===== RECORDED DATA

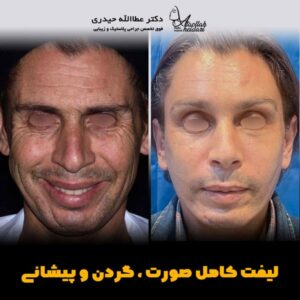 جراحی لیفت صورت - دکتر حیدری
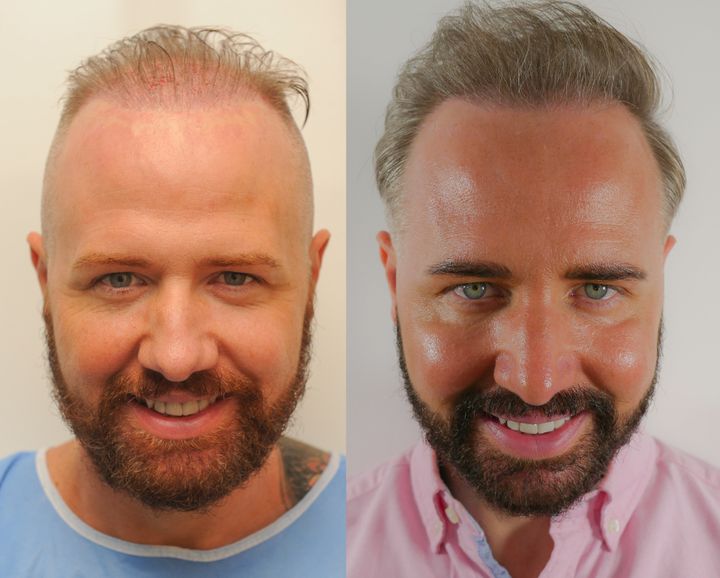 Before and after: Chris underwent another hair transplant ahead of his big day.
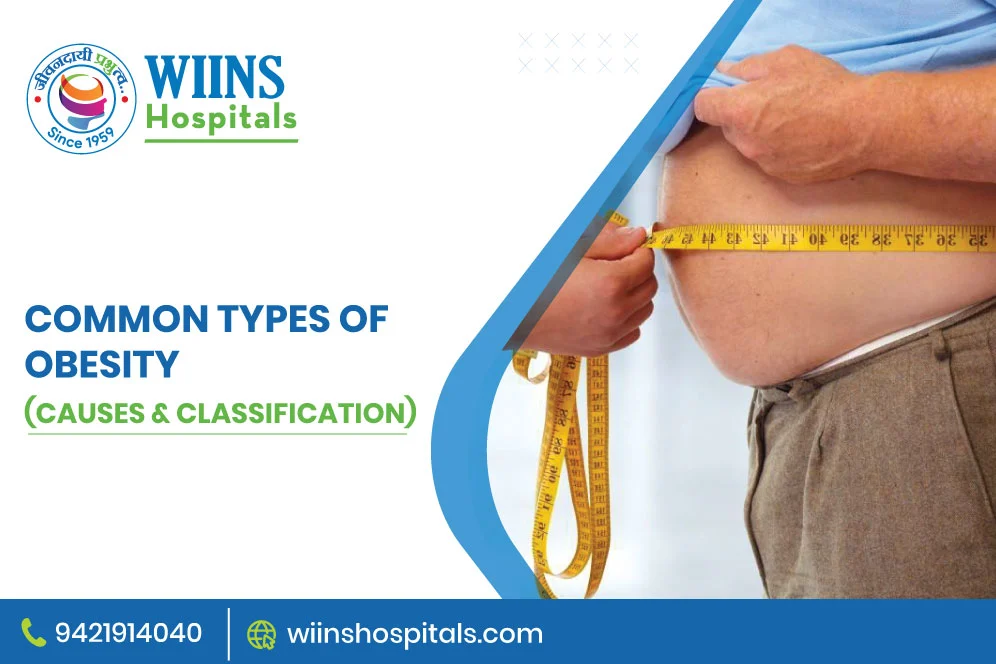 Common Types of Obesity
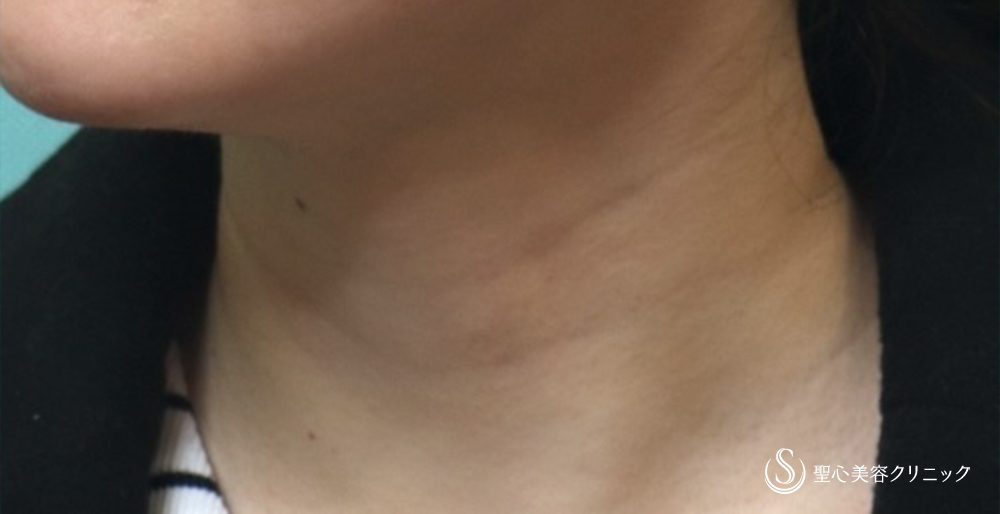 【30代女性・首の横じわの改善】プレミアムPRP皮膚再生療法（4年後） Before 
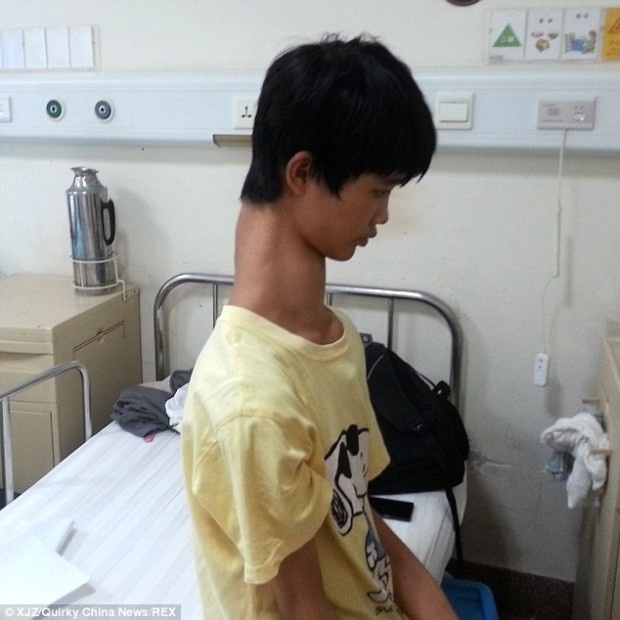 Китай: 15-летний подросток с самой длинной шеей в мире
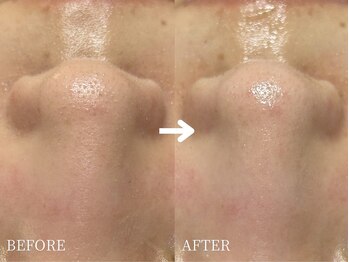 エース(ACE.)/鼻の黒ずみ、ザラザラ改善!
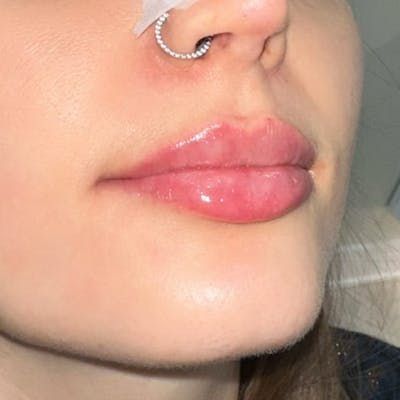 Lip Filler Before & After Gallery - Patient 286820 - Image 1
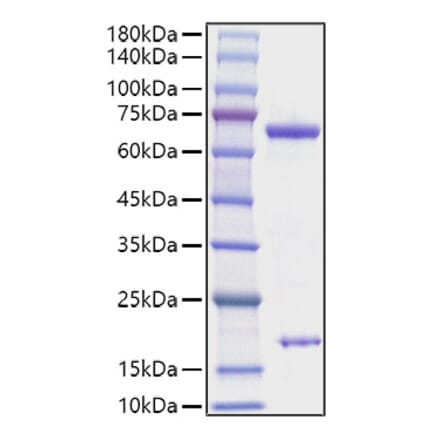 SDS-PAGE - Recombinant Rat PCSK9 Protein (C-terminal His Tag) (A331139) - Antibodies.com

==========

ASSIGNMENT: Every record must be set down again exactly; pictures do not belong in the copy.

ANSWER:
 جراحی لیفت صورت - دکتر حیدری
 Before and after: Chris underwent another hair transplant ahead of his big day.
 Common Types of Obesity
 【30代女性・首の横じわの改善】プレミアムPRP皮膚再生療法（4年後） Before 
 Китай: 15-летний подросток с самой длинной шеей в мире
 エース(ACE.)/鼻の黒ずみ、ザラザラ改善!
 Lip Filler Before & After Gallery - Patient 286820 - Image 1
 SDS-PAGE - Recombinant Rat PCSK9 Protein (C-terminal His Tag) (A331139) - Antibodies.com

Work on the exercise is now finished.